We Can’t Get Enough of These Handmade Homewares by John Francis Designs
Lowell native John Welch crafts the wooden pieces in his Mill City studio.
More than two decades ago, John Welch and his peers sat around benches creating birdhouses during eighth-grade shop class. Today, he works atop one of those same metal-and-wood tables—snagged at a local auction—in an 800-square-foot studio located just seven minutes away from his middle school. And although Welch has since ditched the birdhouses (but gained Nick Offerman–approved facial hair), he still handcrafts wooden wares. “It’s really important to make things with your hands,” says Welch, the owner of Lowell-based John Francis Designs. “It feeds your self-esteem in a way that almost nothing else does.”
After middle school, years went by before Welch picked up woodworking again (unless, of course, you count the miniature rocking chair he built for the teddy bear he gifted his high school girlfriend). When he purchased a townhouse in 2009, he quickly completed his list of home-renovation projects and was left with a bunch of tools. So when Welch, an avid cook, came across a video of someone carving a wooden spoon, he set off for his workshop (a.k.a. his garage) with newfound inspiration. “It got out of hand from there,” Welch says, laughing. Eventually, he felt limited by his saws and chisels but didn’t have room for power tools. Welch had two options: relocate to a home with a basement or lease a studio. He opted for the latter and secured a space at Western Avenue Studios in 2014.

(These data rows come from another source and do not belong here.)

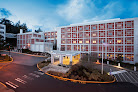 Prenatal Care Clinics in Burien 2 Negocio Family Birth Center At St. Anne Hospital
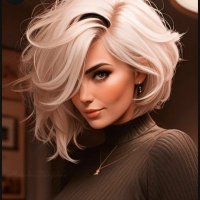 Lightnup (@lightnupbrave) 's Twitter Profile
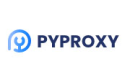PYPROXY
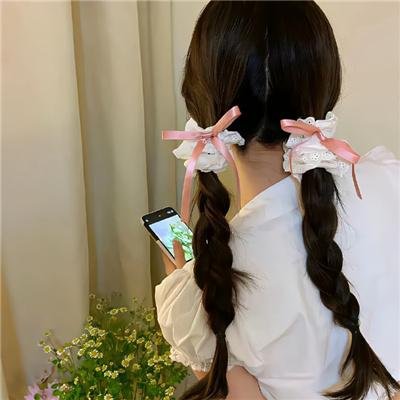 春眠不觉晓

All the while, Welch never thought of selling his spoons. It wasn’t until he learned about Western Ave.’s “Open Studios”—an event for the Mill City community and beyond to check out makers’ work—that he considered it. So he built up his inventory and opened his doors on a December afternoon. He sold his first spoon and soon amassed a following.

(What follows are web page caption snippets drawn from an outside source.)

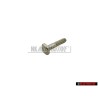 Original VW Square Head Bolt - 1L0915139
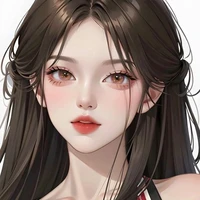 Elina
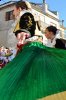 Movimento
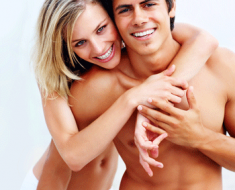 Diverse Penis Enlargement Techniques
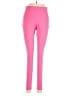 Unbranded Color Block Pink Active Pants Size M - photo 1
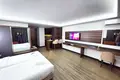 Квартира 1 комната 45 м² Батуми, Грузия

Today, of the 400 to 500 wares he makes per year, the spoons remain a top-selling item. He has also expanded his repertoire to include charcuterie boards, plates, trays, side tables, and more. “I love the idea of my work being part of a Sunday family dinner,” he says.But before those products reach his customers’ tables, Welch spends hours (or sometimes weeks) crafting each one. Take, for example, a rice paddle, which he designed for whipping up dishes like onigirazu (think: sushi sandwiches). To start, he selects a board from his “library” of domestic woods, choosing one with a “straight, knot-free grain,” he says, to ensure a strong finished product. Then, he freehands the outline of the rice paddle onto the board and guides the wood through a bandsaw. As the blade rotates, the machine roars and sawdust flies through the air. After, he flips the paddle on its side and moves it through the saw again, but this time he pushes it along a curved path to create the paddle’s scoop. Refining the shape, he clamps the paddle’s handle into a patternmaker’s vise and swiftly runs a spokeshave along the back. “Think of it as a potato peeler for wood,” Welch says. He then uses the tool to round out the handle.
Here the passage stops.